A recent survey conducted by the Portuguese Industrial Association (AIP) and submitted to the Ministry of Economy reveals a noticeable decline in demand, with cancellations and suspensions of orders attributed to tariffs imposed by President Donald Trump.
According to the survey findings, 14% of participating companies predict a revenue decrease between 10% and 20% in the coming months. Furthermore, 58% estimate a reduction ranging from 20% to 35%, while 28% anticipate a drop exceeding 50%.
The companies express concern over the “geopolitical implications arising from trade wars,” emphasizing that a “government response plan should focus on businesses whose products are most affected by U.S. customs policies, rather than applying a blanket approach across the sector.”
Businesses are advocating for alignment between Portugal’s positions and the decisions of EU member states in the realm of common commercial policies and bilateral negotiations with the U.S. They recommend that “negotiation measures be adopted initially, considering retaliation only if necessary to avoid market fragmentation, or if deemed essential, focusing on the technological services sector.”
Responses to the survey came from various sectors: textiles and apparel (27%), ceramics and glass (26%), metalworking (14%), machinery and equipment (14%), beverages (14%), and others (5%).
AIP noted that the most adversely affected sectors include chemical industry, mineral products, machinery, textiles, plastics, and agri-food products.
“It is noteworthy that within these sectors, some products are more directly impacted than others,” it stated.
AIP mentioned that “in 2024, the structure of goods exports to the U.S.” was dominated by the chemical industry (including pharmaceuticals), accounting for 24.9%, followed by mineral products (20.4%), machinery and electrical appliances (10%), textiles (8.2%), plastic and rubber (8%), metallurgy and metalworking (5.8%), and wood (3.9%).
“The mineral products category (including petroleum products) experienced a 57.6% year-on-year decline in exports, while the metalworking sector (machines and appliances) saw a 43.7% reduction,” it reported.
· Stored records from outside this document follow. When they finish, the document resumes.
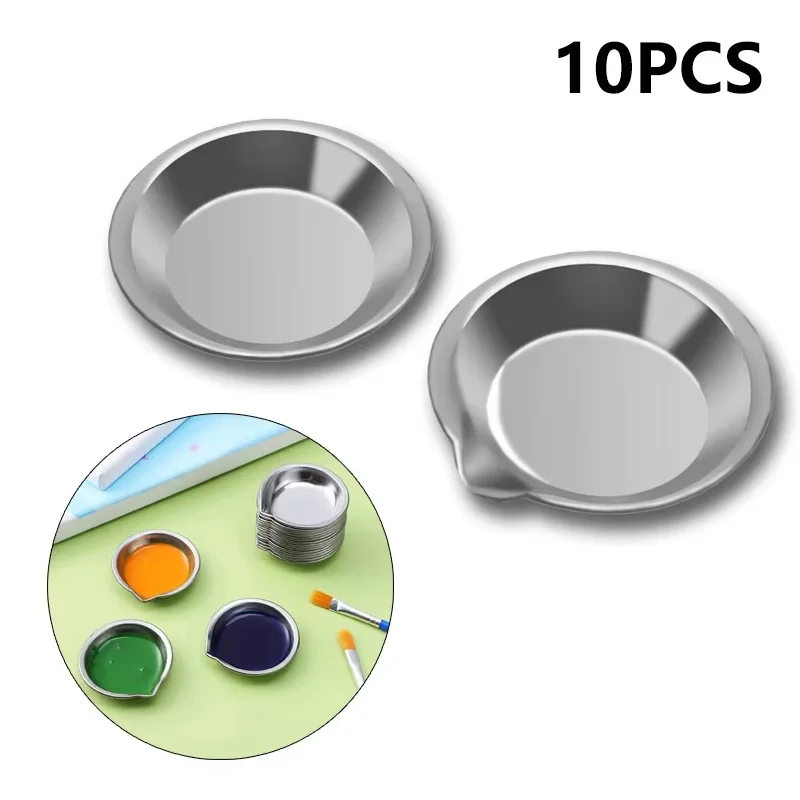 DIY Painting Tools 10Pcs Spouted Color Bowls Artist Watercolours Mixing Palette For Children Model Coloring Metal Art Supplies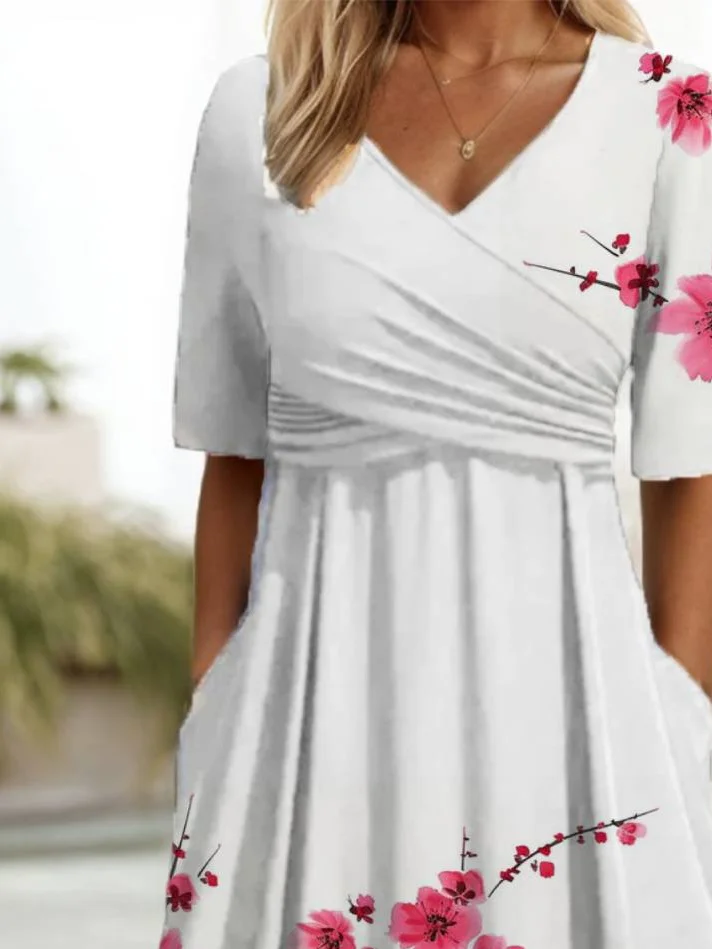 Women's Short Sleeve Summer Floral Dress V Neck Holiday Going Out Casual Maxi A-Line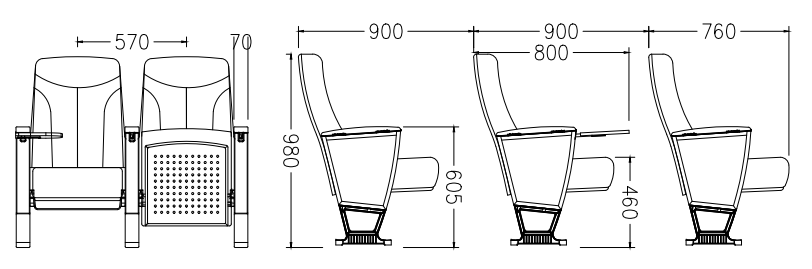W7101 Tiida fabric Lecture hall auditorium chairs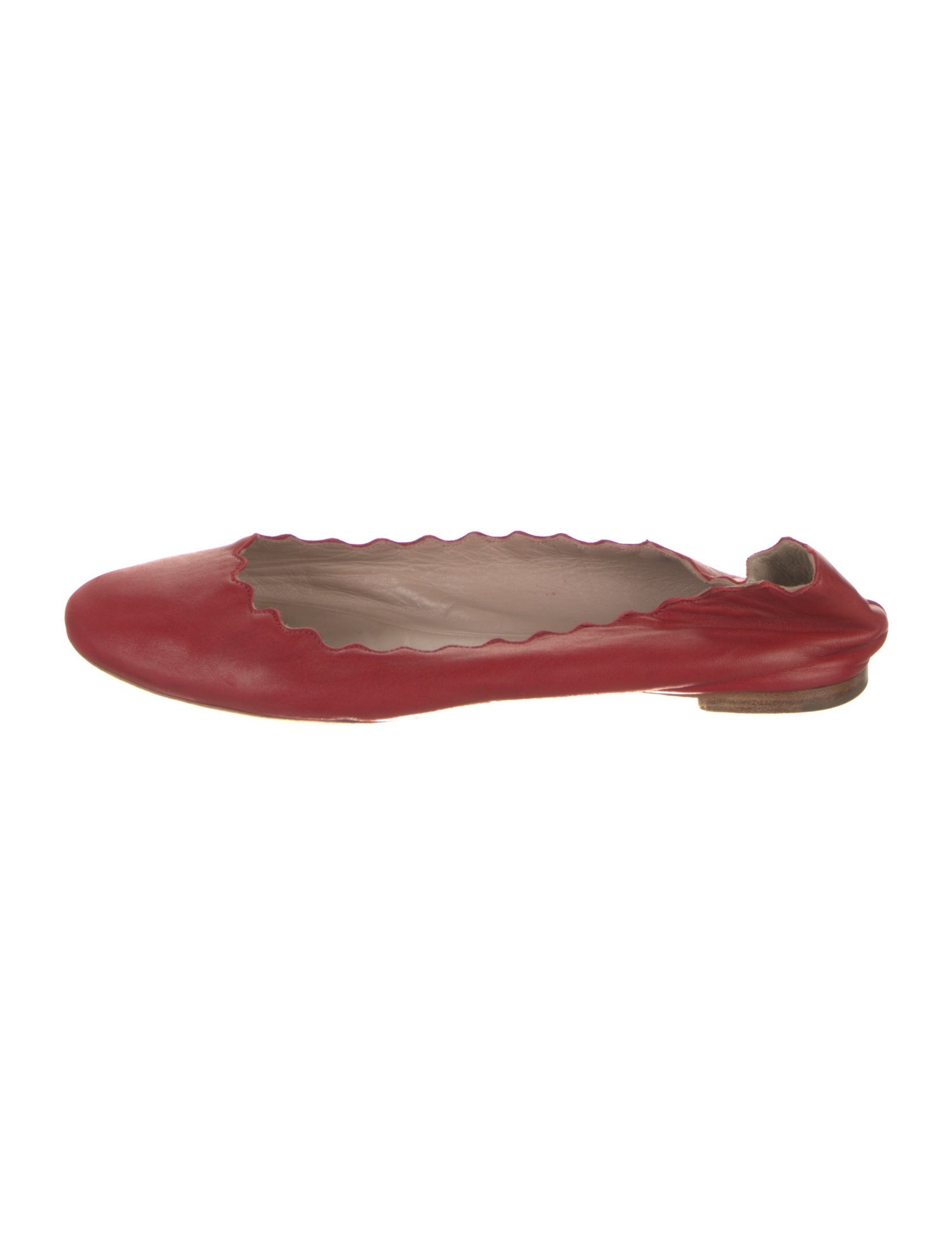 Chloé Leather Scalloped Accent Ballet Flats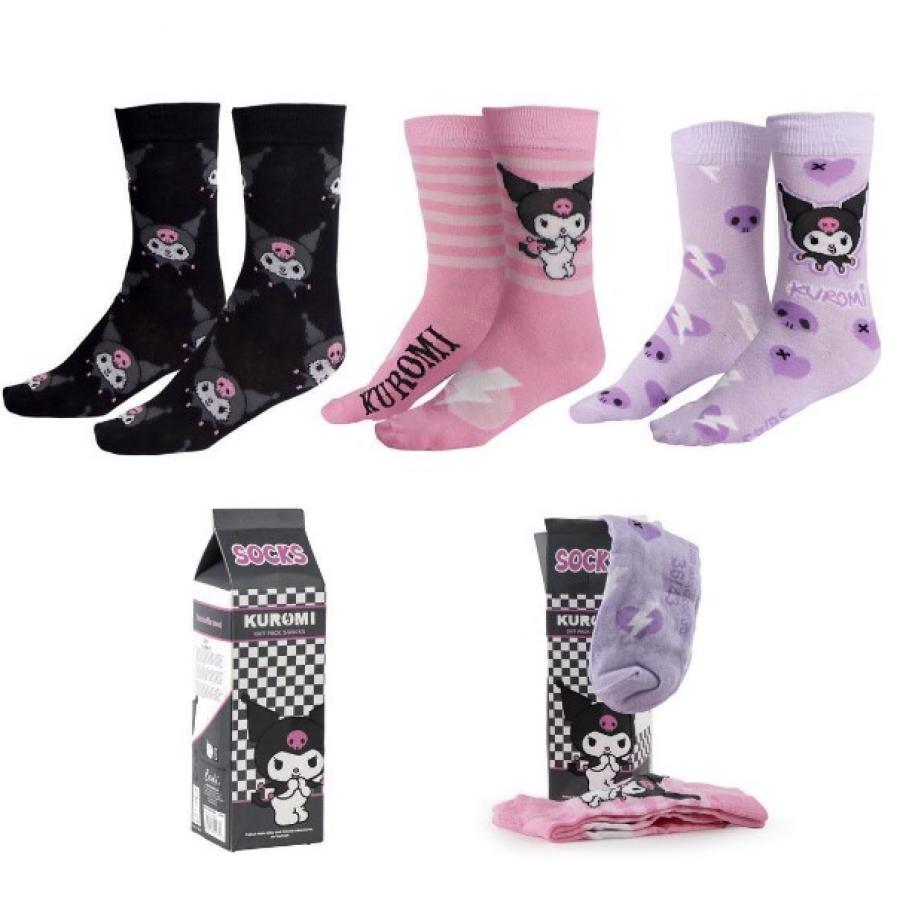Hello Kitty - Sanrio Kuromi - 3er-Pack Socken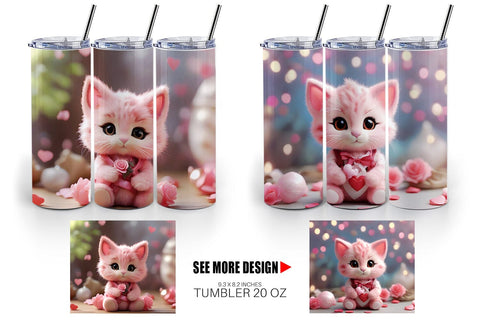 Tumbler Wrap Valentine Cat Sublimation artnoy 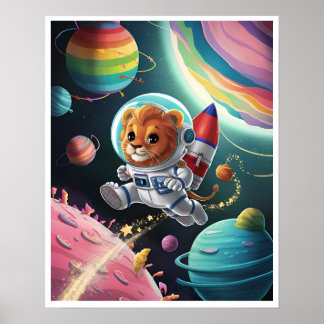 Boho Space Lion Illustration Poster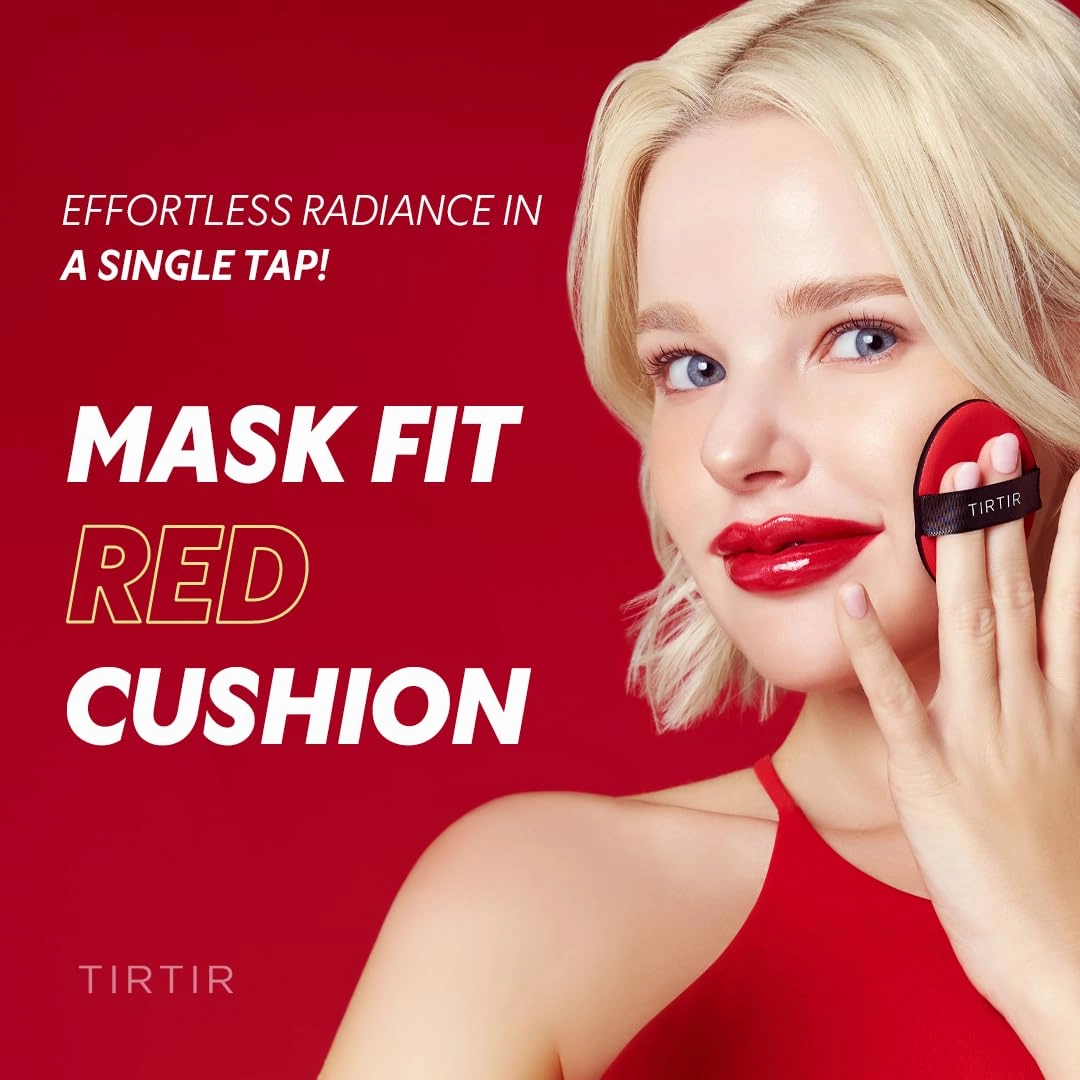 [*Mini Size*] TIRTIR Mask Fit Red Cushion Foundation | Full coverage, Weightless, Skin fit, Satin Glow Finish, Korean Makeup, beauty, Tattoo cover up, Buildable (#31N French Beige, 0.15 Fl Oz)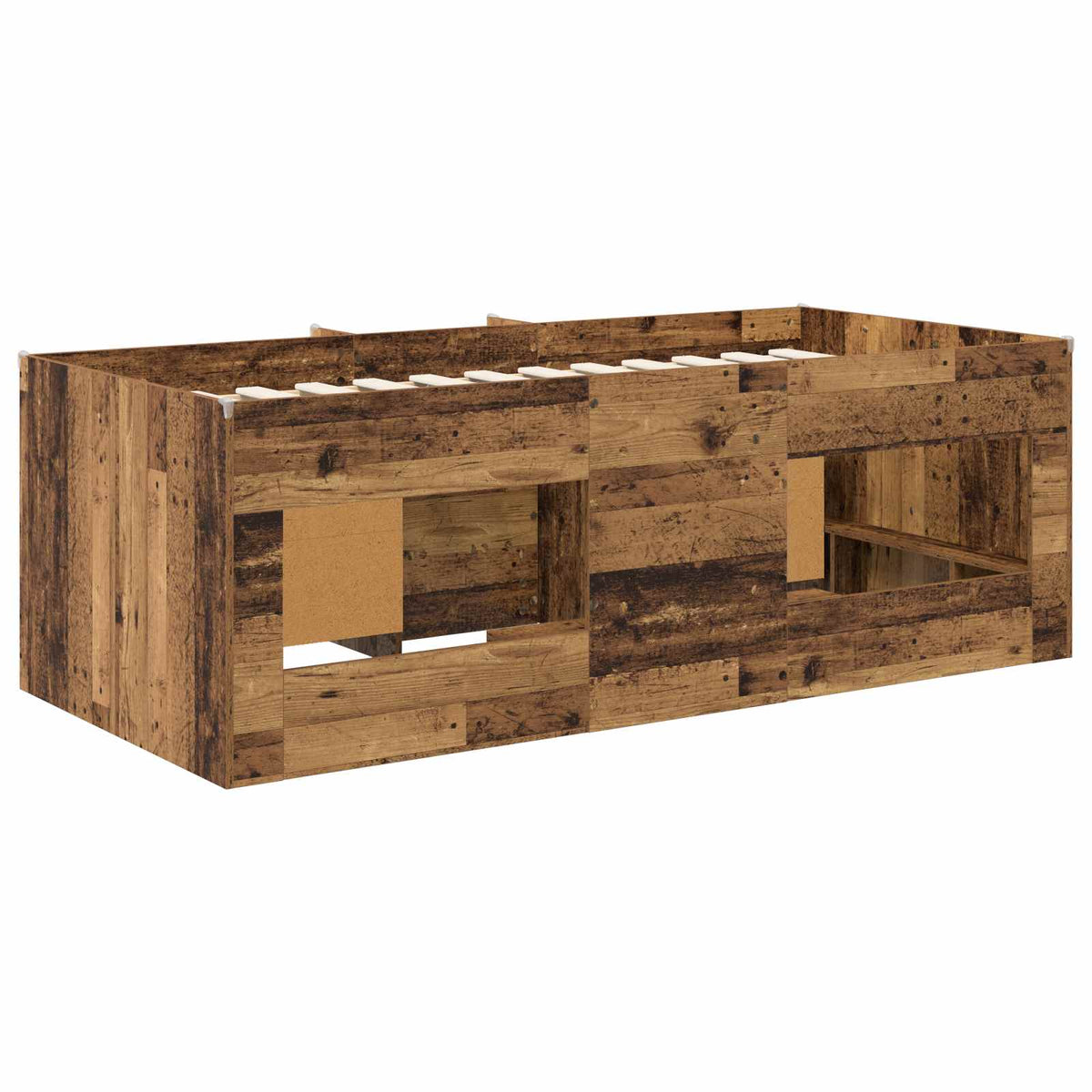 Loft krevet s ormarom 3 kom. Staro drvo Konstruirano drvo Smeđa 75 x 190 cm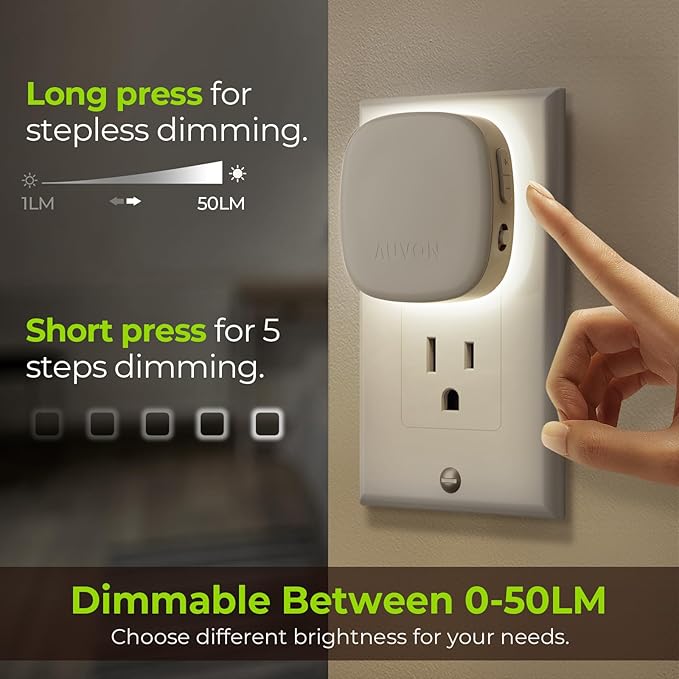 AUVON Plug-in LED Backlit Night Light with Motion Sensor & Dusk to Dawn Sensor, Dimmable Cool White Nightlight with 1-50 lm Adjustable Brightness for Bedroom, Bathroom, Stairs, Hallway (4 Pack)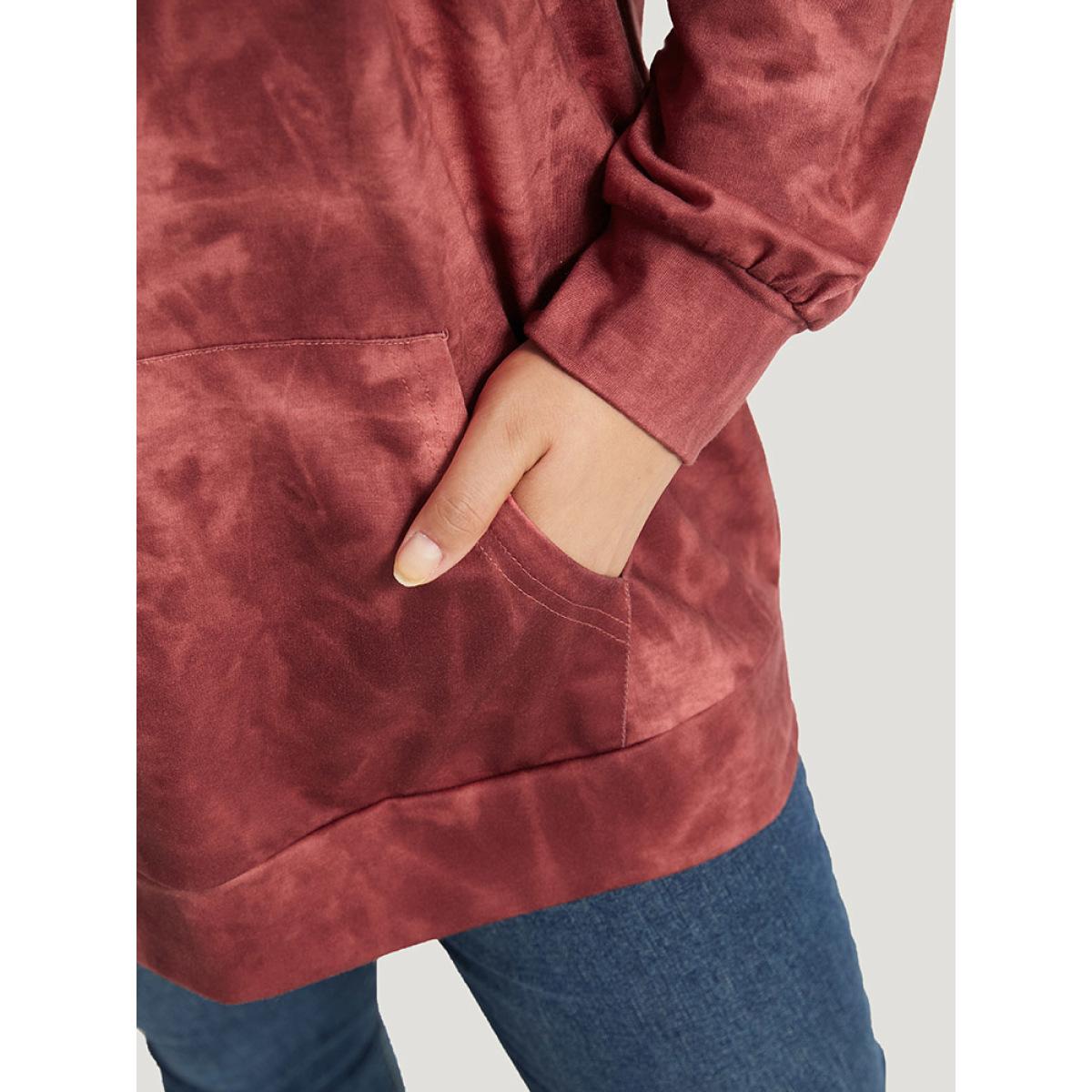 Plus Size Tie Dye Pocket Hooded Sweatshirt Women Rust Casual Elastic cuffs Hooded Dailywear Sweatshirts BloomChic 22-24/3X Product Image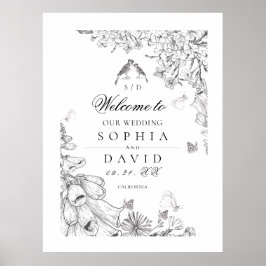 Classic White Black Floral Wedding Welcome  Poster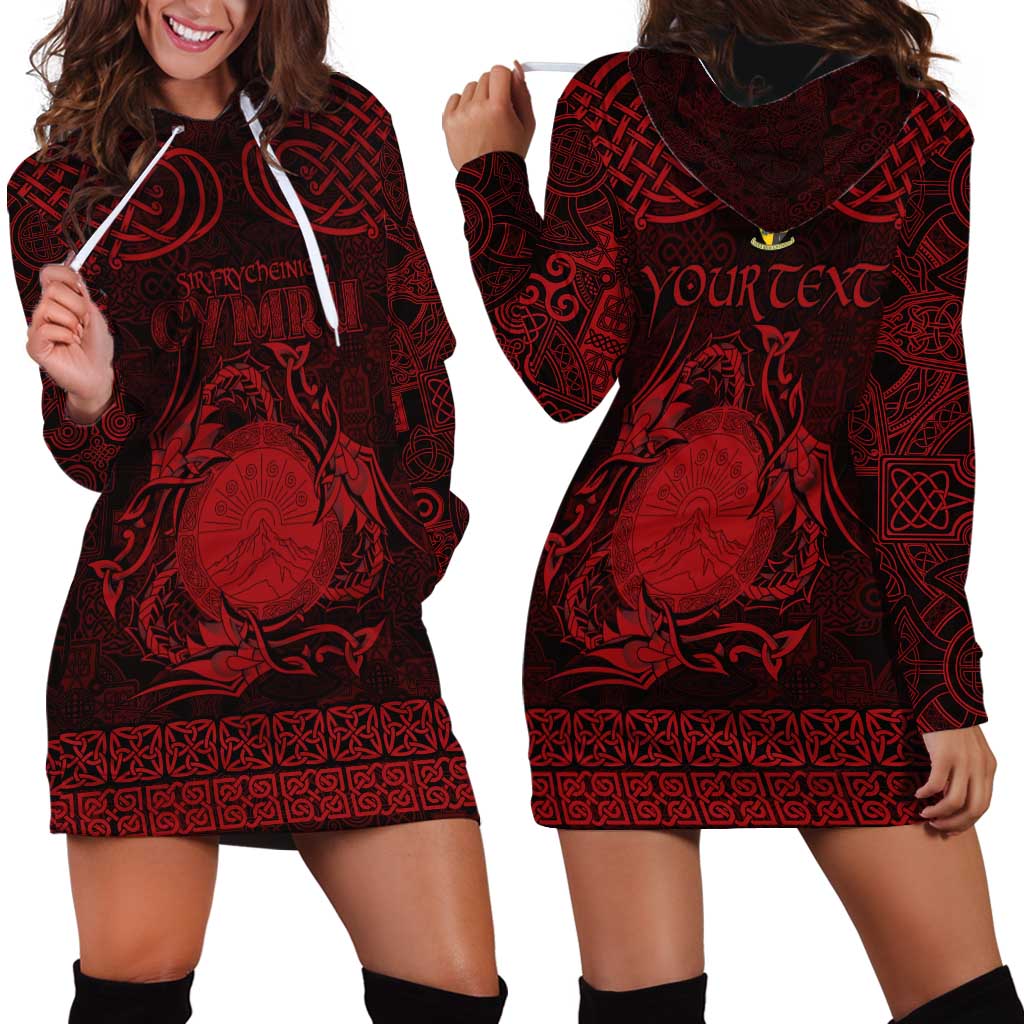 Personalized Brecknockshire Sir Frycheiniog Hoodie Dress Red Brecon Beacons Mountain Celtic-inspired - Wonder Print Shop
The Ministry of Economy is set to meet with business associations from various sectors today and on Wednesday to assess “the impact and mitigation measures” for the tariffs announced by U.S. President Donald Trump last Wednesday, imposing a 20% charge on products imported from the European Union, in addition to the existing 25% tariffs on the automotive, steel, and aluminum sectors.
These new tariffs from Trump are an attempt to boost U.S. industry while penalizing countries for what he described as years of unfair trade practices.
The U.S. tariffs have been imposed on all imports, with additional charges for countries perceived as particularly hostile to trade.